**Problem details**.
Each line from the one containing "Cast Aluminum Patio" to the end of the listing below must be retyped exactly, with no line left out and none added.

Supplied records section start

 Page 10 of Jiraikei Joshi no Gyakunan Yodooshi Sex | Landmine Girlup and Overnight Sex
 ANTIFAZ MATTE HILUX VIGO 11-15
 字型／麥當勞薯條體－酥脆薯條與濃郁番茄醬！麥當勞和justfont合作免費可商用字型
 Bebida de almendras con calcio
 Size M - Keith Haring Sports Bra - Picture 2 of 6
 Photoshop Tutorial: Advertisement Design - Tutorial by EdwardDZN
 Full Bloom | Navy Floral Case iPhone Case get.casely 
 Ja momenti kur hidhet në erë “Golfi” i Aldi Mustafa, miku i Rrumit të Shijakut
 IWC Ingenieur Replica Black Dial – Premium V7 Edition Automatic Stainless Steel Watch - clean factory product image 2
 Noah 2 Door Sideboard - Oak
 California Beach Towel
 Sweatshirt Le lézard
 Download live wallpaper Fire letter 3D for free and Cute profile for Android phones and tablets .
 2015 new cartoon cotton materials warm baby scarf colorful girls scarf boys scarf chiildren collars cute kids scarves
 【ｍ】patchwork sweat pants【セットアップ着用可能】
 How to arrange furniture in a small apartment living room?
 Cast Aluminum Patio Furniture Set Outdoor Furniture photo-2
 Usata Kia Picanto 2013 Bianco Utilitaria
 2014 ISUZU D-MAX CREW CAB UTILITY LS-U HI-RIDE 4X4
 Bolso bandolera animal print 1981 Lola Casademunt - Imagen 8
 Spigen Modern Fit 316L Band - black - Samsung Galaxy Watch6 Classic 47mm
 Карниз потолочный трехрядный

Supplied records section end

**Response**.
 Cast Aluminum Patio Furniture Set Outdoor Furniture photo-2
 Usata Kia Picanto 2013 Bianco Utilitaria
 2014 ISUZU D-MAX CREW CAB UTILITY LS-U HI-RIDE 4X4
 Bolso bandolera animal print 1981 Lola Casademunt - Imagen 8
 Spigen Modern Fit 316L Band - black - Samsung Galaxy Watch6 Classic 47mm
 Карниз потолочный трехрядный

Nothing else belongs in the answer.